House Speaker John Boehner (R-OH) said  negotiations between the White House and Republicans are at a "stalemate" after a proposal by Treasury Secretary Tim Geithner and White House Director of Legislative Affairs Rob Nabors was soundly rejected by Republicans yesterday.

“There's a stalemate, let's not kid ourselves,” Boehner said Friday at a news conference following President Obama’s event in Pennsylvania.

Boehner contended that the White House's proposal was "not a serious proposal," and that he's disappointed that three weeks after he gave a speech saying Republicans would be willing to budge on revenues – but not tax rates as the president has called for -- that this is what was offered to them.   

“When I come out the day after the election and make it clear that Republicans will put revenue on the table, I took a great risk,” Boehner claimed, adding of the White House plan, “It's not a serious proposal and so right now we're almost nowhere.”

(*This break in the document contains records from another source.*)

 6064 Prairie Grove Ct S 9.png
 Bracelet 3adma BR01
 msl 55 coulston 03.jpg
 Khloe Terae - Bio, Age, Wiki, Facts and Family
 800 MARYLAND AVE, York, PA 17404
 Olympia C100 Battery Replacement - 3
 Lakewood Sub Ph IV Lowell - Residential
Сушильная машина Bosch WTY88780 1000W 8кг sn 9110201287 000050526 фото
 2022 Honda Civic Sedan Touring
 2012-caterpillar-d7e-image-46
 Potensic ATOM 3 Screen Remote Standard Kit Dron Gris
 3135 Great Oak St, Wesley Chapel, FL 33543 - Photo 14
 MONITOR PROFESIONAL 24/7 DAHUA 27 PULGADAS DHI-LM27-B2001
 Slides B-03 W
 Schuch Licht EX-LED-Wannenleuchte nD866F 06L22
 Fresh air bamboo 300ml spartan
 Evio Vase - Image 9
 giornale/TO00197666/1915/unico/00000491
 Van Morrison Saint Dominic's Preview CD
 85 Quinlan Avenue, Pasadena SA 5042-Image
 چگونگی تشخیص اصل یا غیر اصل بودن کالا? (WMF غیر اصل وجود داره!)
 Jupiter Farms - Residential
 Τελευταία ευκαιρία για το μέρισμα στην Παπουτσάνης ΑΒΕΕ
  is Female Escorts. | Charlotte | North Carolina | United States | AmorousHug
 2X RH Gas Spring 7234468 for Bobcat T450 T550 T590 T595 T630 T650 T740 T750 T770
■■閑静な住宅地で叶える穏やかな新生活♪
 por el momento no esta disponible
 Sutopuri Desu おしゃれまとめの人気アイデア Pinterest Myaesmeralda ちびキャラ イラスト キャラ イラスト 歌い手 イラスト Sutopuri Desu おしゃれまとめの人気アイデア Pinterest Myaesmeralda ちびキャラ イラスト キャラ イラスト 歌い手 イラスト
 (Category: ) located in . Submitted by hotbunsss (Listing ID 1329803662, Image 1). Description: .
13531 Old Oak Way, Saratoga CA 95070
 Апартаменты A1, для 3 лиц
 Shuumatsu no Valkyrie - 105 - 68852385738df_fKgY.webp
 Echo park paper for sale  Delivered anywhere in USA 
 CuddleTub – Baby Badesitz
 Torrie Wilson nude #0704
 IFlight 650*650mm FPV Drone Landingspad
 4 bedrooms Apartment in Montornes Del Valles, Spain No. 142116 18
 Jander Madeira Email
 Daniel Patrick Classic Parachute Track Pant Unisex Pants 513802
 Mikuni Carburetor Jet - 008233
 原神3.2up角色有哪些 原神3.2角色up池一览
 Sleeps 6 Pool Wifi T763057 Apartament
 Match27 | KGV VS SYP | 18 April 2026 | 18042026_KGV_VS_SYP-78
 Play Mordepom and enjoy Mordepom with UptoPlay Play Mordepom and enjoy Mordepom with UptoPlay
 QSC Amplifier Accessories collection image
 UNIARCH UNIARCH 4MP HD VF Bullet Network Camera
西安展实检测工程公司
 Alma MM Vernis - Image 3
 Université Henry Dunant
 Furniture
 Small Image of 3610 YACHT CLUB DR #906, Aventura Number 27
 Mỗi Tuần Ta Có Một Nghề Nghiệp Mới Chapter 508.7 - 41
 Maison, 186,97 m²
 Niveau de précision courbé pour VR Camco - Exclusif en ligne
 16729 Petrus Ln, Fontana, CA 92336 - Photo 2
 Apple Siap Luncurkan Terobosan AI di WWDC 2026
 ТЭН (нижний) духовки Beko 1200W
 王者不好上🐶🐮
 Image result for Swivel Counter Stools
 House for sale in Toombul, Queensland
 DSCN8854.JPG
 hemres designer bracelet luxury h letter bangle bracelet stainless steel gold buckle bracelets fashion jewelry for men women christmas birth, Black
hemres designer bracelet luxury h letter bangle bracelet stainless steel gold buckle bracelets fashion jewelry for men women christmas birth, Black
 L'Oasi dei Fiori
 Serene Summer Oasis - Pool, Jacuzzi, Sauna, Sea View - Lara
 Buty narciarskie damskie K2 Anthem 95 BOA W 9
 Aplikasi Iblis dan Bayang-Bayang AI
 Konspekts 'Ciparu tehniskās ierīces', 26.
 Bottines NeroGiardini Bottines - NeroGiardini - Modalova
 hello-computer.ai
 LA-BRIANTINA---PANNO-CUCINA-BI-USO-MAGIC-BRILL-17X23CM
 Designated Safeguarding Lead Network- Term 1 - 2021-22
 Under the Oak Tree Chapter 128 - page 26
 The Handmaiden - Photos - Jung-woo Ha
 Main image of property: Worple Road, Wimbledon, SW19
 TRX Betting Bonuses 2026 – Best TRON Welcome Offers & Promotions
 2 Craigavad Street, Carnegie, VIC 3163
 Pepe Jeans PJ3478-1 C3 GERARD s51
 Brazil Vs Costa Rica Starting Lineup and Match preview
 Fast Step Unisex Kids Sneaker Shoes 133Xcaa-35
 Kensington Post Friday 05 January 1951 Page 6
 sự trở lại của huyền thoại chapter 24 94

House Majority Leader Eric Cantor echoed those comments, deriding the White House proposal as “not a serious offer.” He added, however, that they "remain in discussions" to find a solution to avert the fiscal cliff.

“All of a sudden,” Cantor said, “they're asking for $1.6 trillion in tax hikes and nowhere near that number in spending reforms.”

But Cantor would not say if Republicans would make a counter-offer to the White House, only saying that "this is a serious matter," and "we're not interested in playing rope-a-dope."

“What we will do is continue to take this as a serious matter,” Cantor said. “This is not a game. We're not interested in playing rope-a-dope. We're interested in trying to solve the problems of the American people so that you don't see taxes go up on anybody, so that we can engage in tax reform and get this economy going again. We're not playing a game. We're being serious. That offer yesterday was simply not serious.”

President Obama wants Republicans to go along with raising rates on the top 2 percent of Americans. Republican leadership has so far refused to entertain that.

“We take the position that raising tax rates is absolutely not something that helps get people back to work,” Cantor said, adding, “We don't want to increase tax rates; we're not going to increase tax rates, and we want to do something about the spending problem.”

Entitlements are also a sticking point. The White House has accused Republicans of not being specific about what entitlement cuts they would like to see.  Asked if the GOP would go back to the White House with which cuts they want, Cantor demurred.